>>>

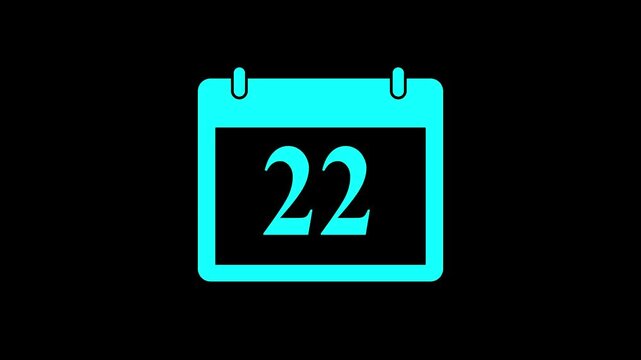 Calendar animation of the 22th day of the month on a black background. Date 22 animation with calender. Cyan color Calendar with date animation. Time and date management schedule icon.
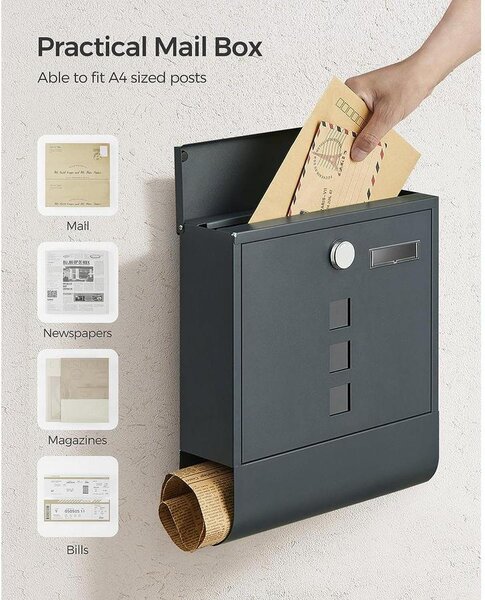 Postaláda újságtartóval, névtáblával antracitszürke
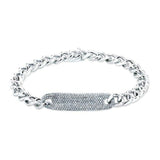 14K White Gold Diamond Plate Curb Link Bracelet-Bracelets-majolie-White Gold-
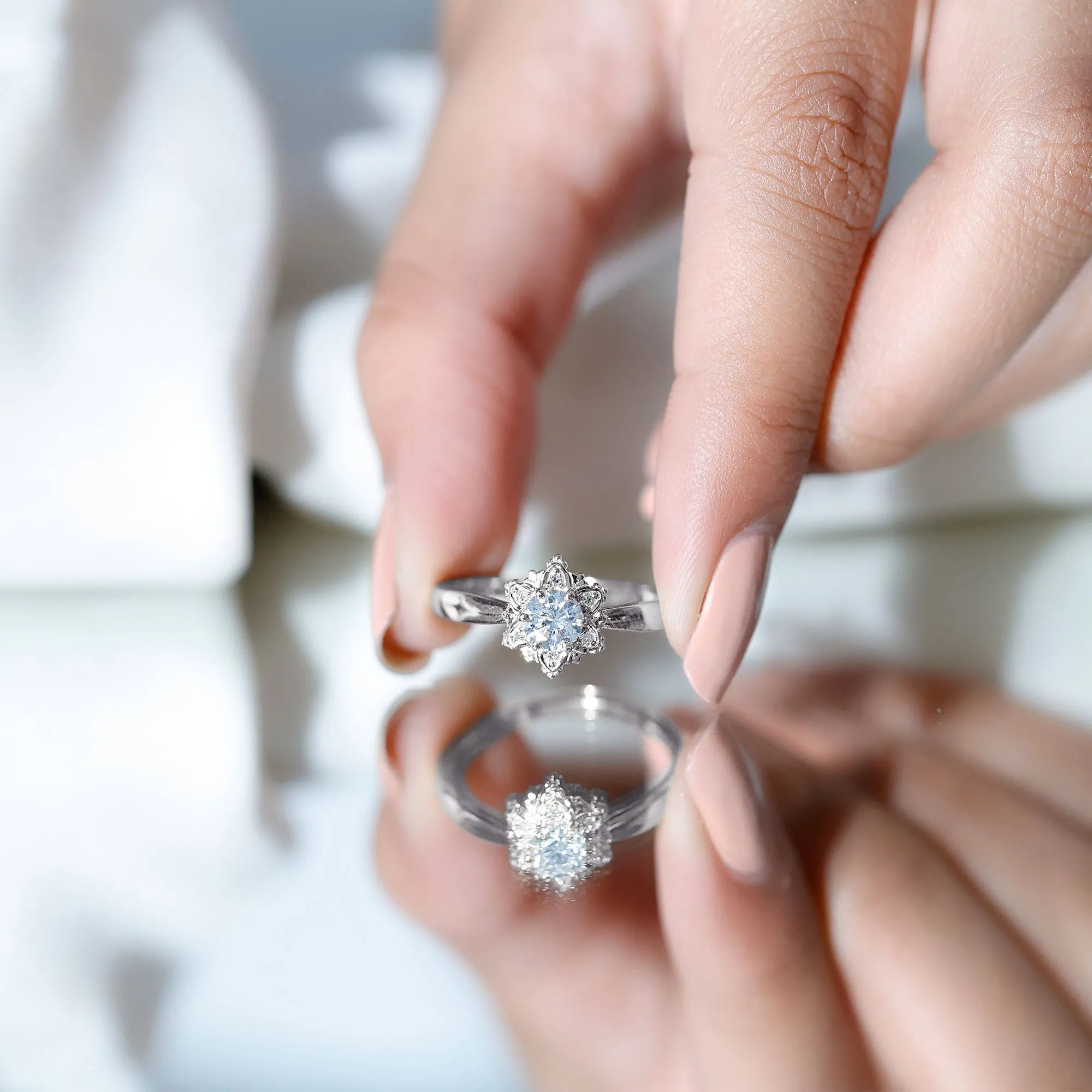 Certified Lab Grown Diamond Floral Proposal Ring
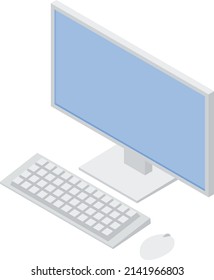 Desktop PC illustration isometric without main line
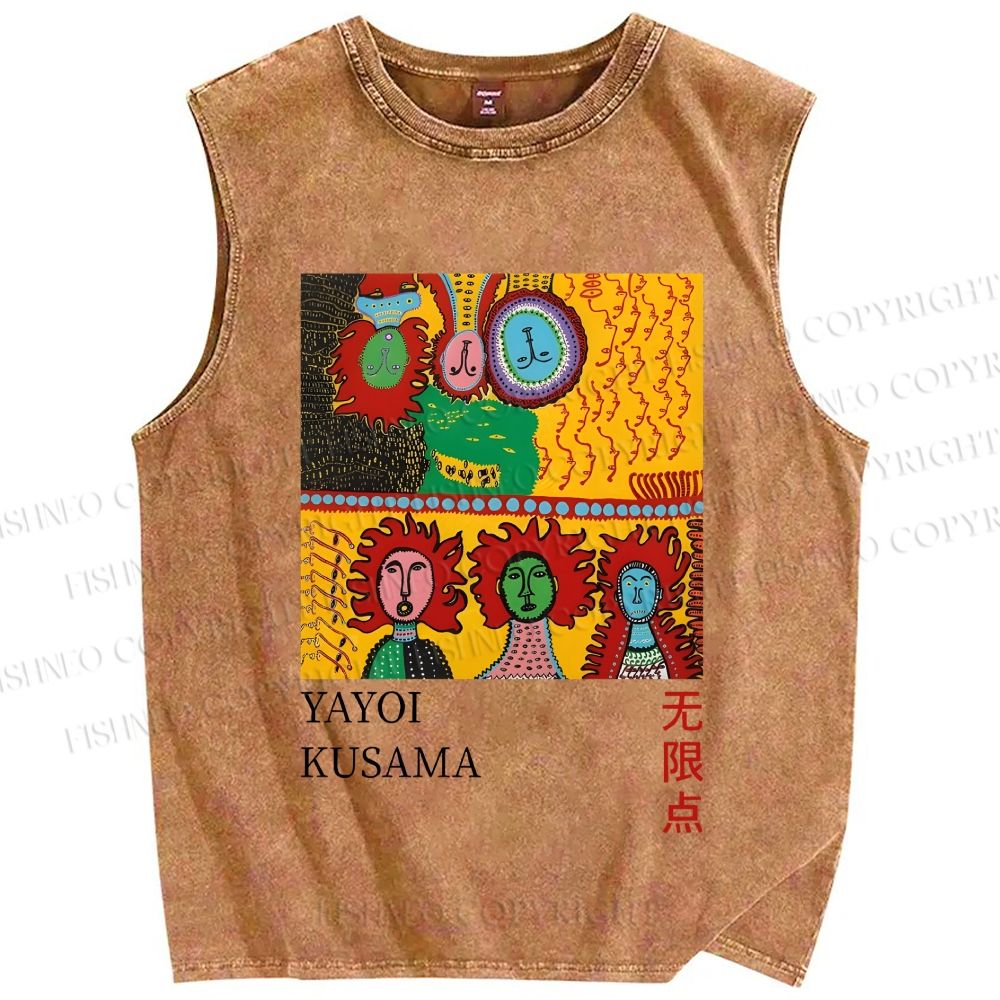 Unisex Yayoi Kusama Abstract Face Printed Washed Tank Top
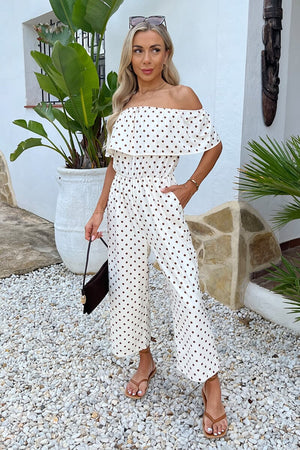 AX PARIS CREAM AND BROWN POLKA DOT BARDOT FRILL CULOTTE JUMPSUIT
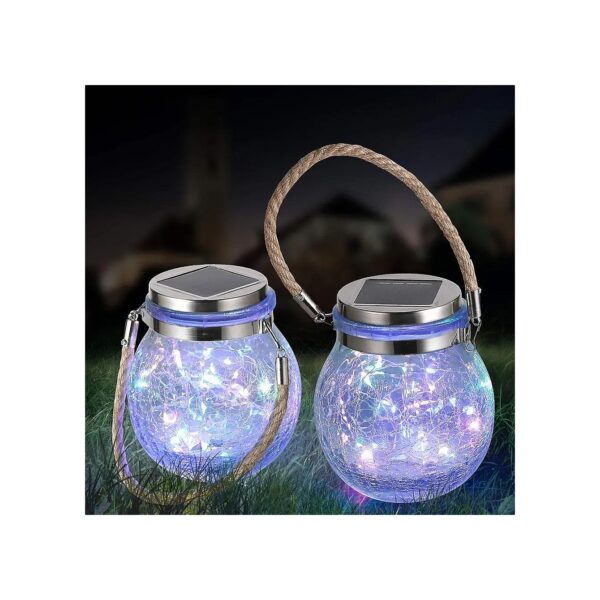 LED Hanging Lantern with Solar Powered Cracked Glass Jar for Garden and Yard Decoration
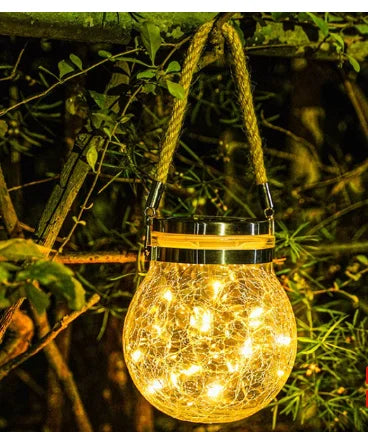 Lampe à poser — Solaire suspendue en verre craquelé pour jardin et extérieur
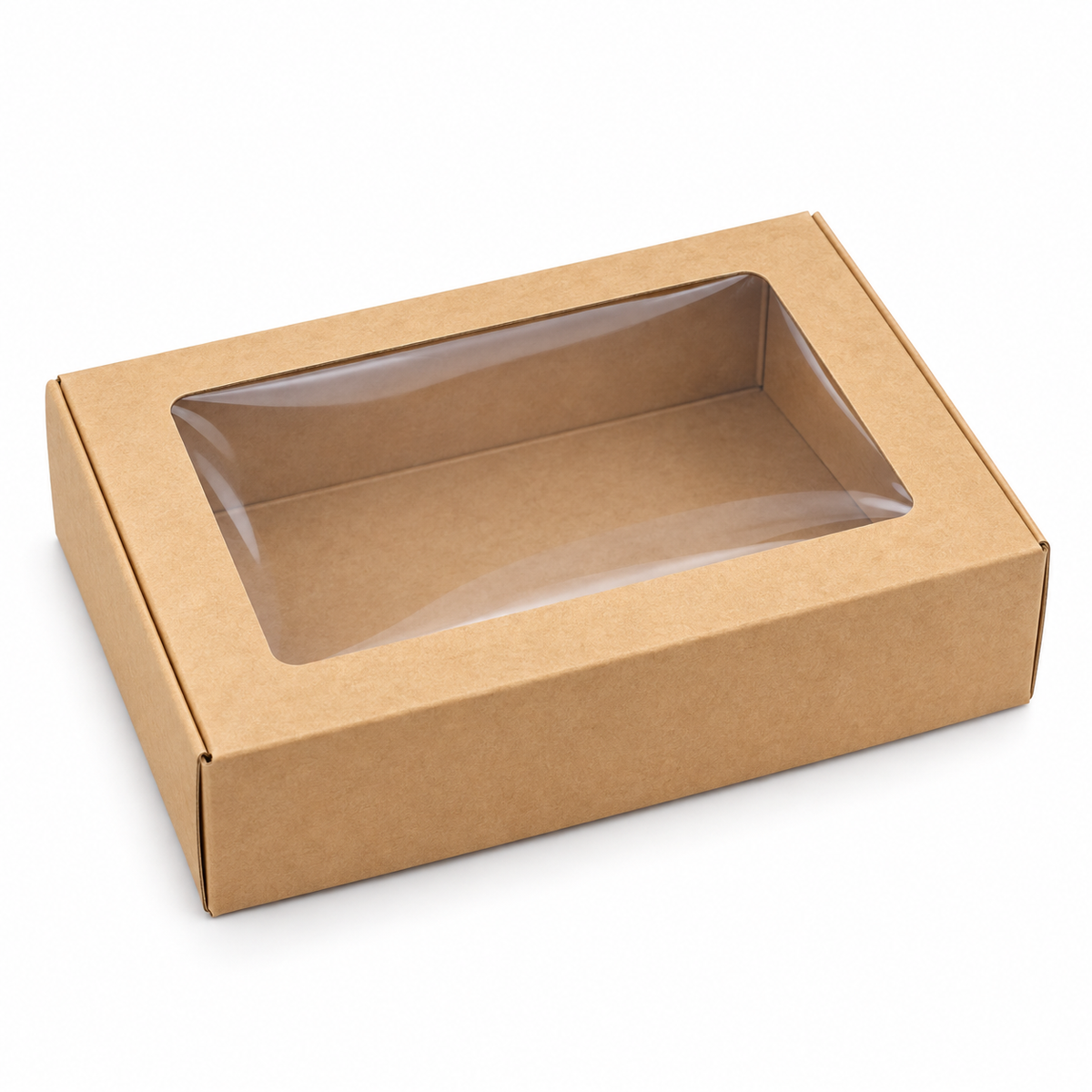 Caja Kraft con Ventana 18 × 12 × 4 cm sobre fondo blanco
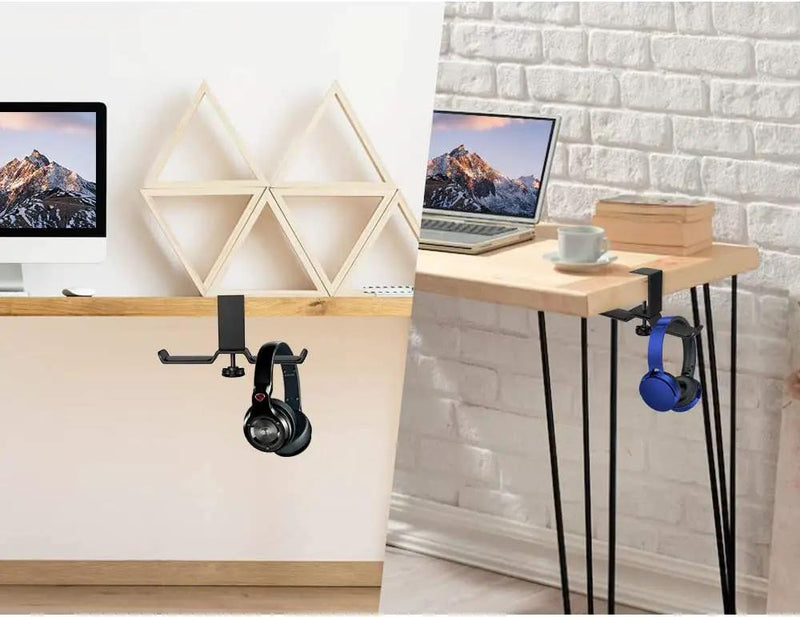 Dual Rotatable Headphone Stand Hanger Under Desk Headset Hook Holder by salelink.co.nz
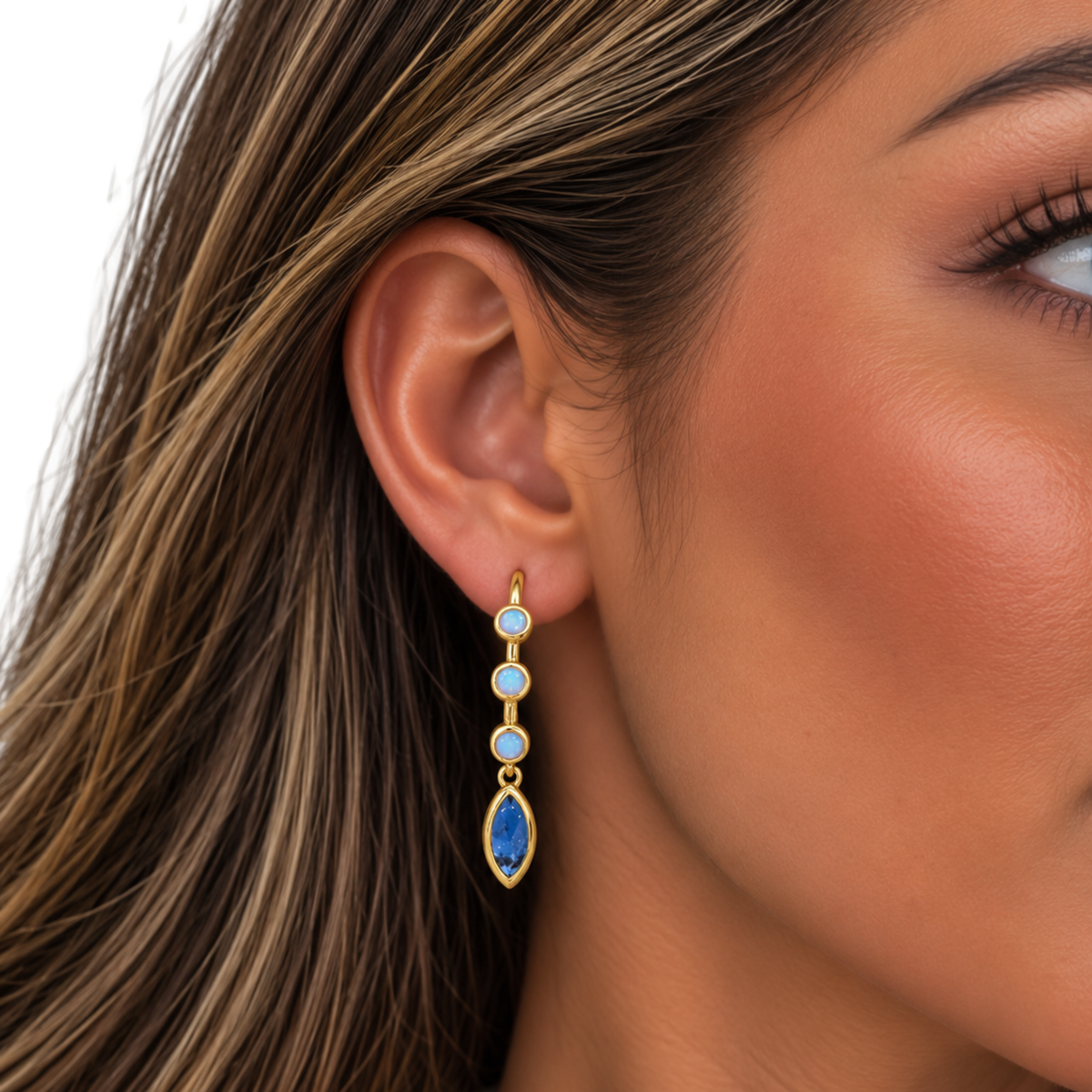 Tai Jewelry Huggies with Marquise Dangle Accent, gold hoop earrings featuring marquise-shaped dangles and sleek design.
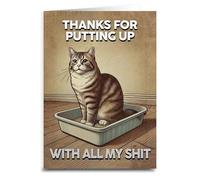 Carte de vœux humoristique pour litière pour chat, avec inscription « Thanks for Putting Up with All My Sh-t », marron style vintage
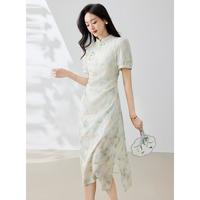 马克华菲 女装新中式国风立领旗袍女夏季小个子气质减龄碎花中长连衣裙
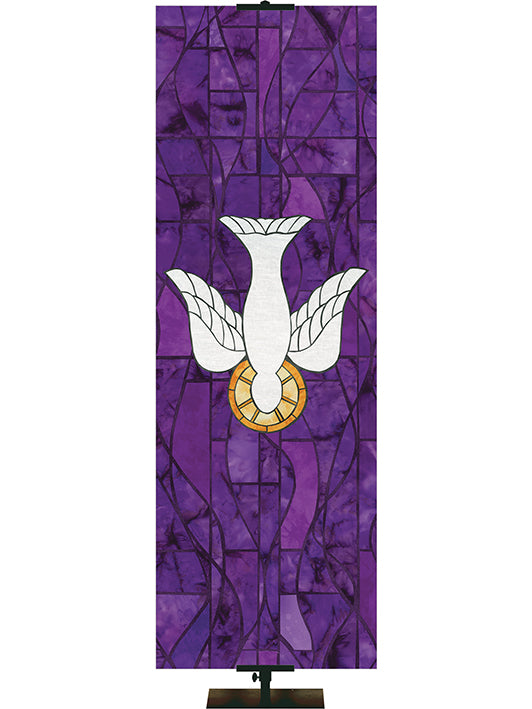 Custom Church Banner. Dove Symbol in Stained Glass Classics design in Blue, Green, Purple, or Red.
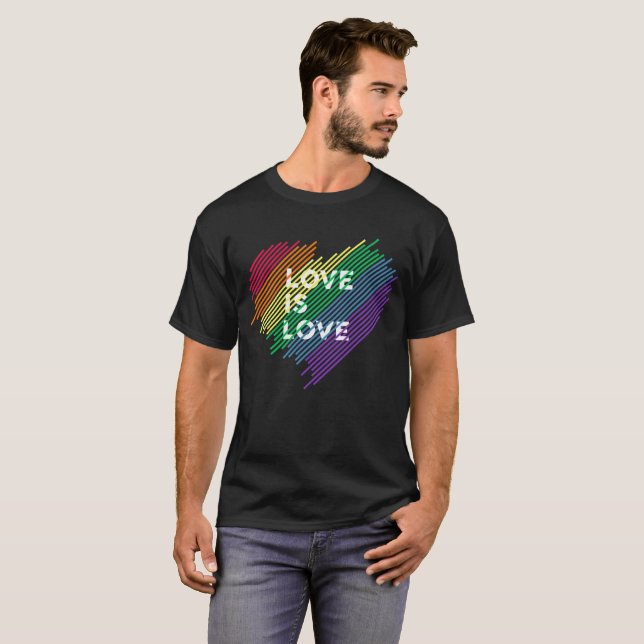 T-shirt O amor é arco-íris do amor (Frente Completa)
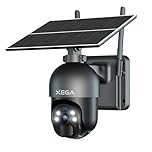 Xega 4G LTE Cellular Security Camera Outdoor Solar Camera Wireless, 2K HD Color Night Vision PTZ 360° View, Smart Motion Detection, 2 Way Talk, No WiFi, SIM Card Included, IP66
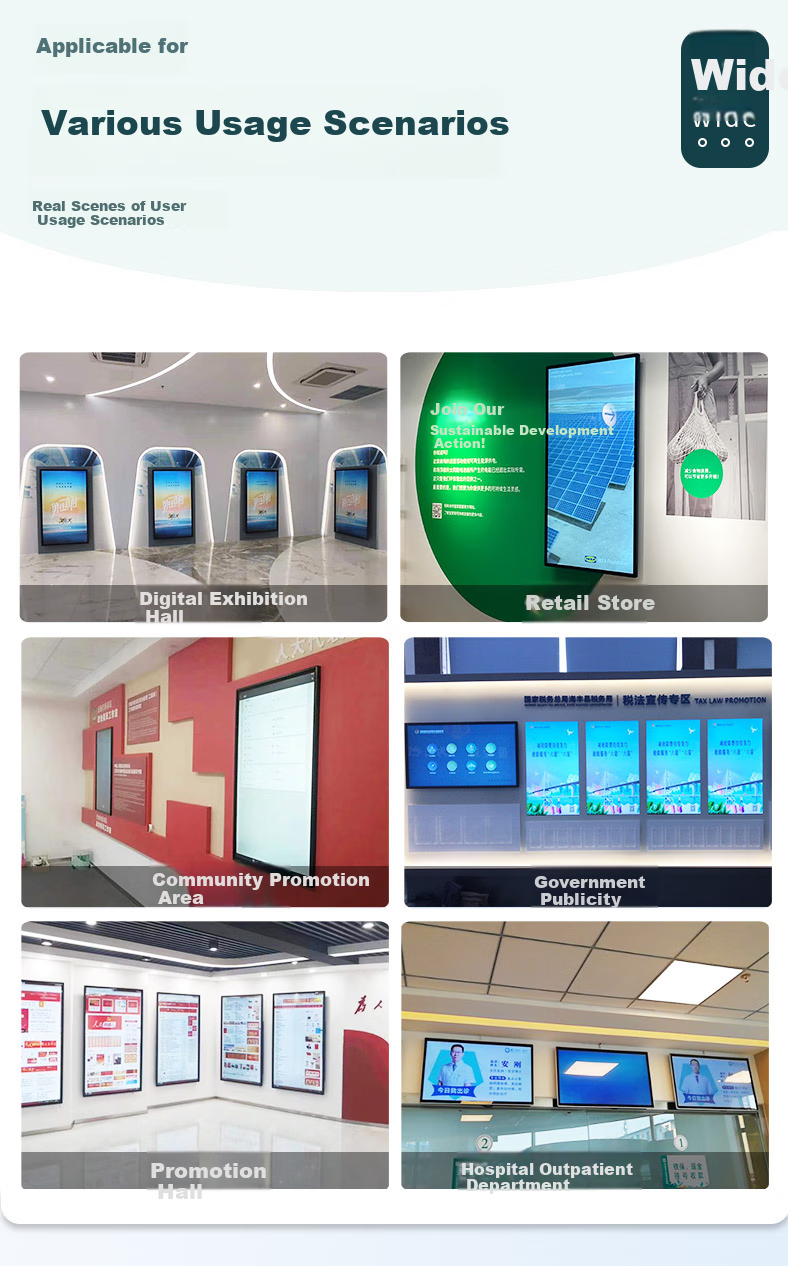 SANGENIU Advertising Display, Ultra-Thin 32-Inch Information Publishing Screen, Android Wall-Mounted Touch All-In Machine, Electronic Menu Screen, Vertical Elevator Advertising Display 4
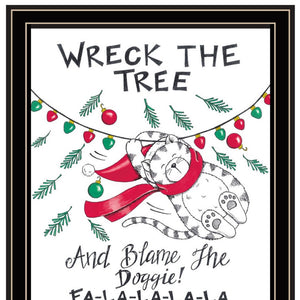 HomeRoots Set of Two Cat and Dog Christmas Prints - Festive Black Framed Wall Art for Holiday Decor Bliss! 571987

<<<

◆ Task directions
Write out the whole listing exactly. Pictures stay out.

◆ Task response
 Calendar animation of the 22th day of the month on a black background. Date 22 animation with calender. Cyan color Calendar with date animation. Time and date management schedule icon.
 Postaláda újságtartóval, névtáblával antracitszürke
 14K White Gold Diamond Plate Curb Link Bracelet-Bracelets-majolie-White Gold-
 Certified Lab Grown Diamond Floral Proposal Ring
 Desktop PC illustration isometric without main line
 Unisex Yayoi Kusama Abstract Face Printed Washed Tank Top
 AX PARIS CREAM AND BROWN POLKA DOT BARDOT FRILL CULOTTE JUMPSUIT
 LED Hanging Lantern with Solar Powered Cracked Glass Jar for Garden and Yard Decoration
 Lampe à poser — Solaire suspendue en verre craquelé pour jardin et extérieur
 Caja Kraft con Ventana 18 × 12 × 4 cm sobre fondo blanco
 Dual Rotatable Headphone Stand Hanger Under Desk Headset Hook Holder by salelink.co.nz
 Tai Jewelry Huggies with Marquise Dangle Accent, gold hoop earrings featuring marquise-shaped dangles and sleek design.
 Carte de vœux humoristique pour litière pour chat, avec inscription « Thanks for Putting Up with All My Sh-t », marron style vintage
 马克华菲 女装新中式国风立领旗袍女夏季小个子气质减龄碎花中长连衣裙
 Custom Church Banner. Dove Symbol in Stained Glass Classics design in Blue, Green, Purple, or Red.
 T-shirt O amor é arco-íris do amor (Frente Completa)
 Xega 4G LTE Cellular Security Camera Outdoor Solar Camera Wireless, 2K HD Color Night Vision PTZ 360° View, Smart Motion Detection, 2 Way Talk, No WiFi, SIM Card Included, IP66
 SANGENIU Advertising Display, Ultra-Thin 32-Inch Information Publishing Screen, Android Wall-Mounted Touch All-In Machine, Electronic Menu Screen, Vertical Elevator Advertising Display 4
 HomeRoots Set of Two Cat and Dog Christmas Prints - Festive Black Framed Wall Art for Holiday Decor Bliss! 571987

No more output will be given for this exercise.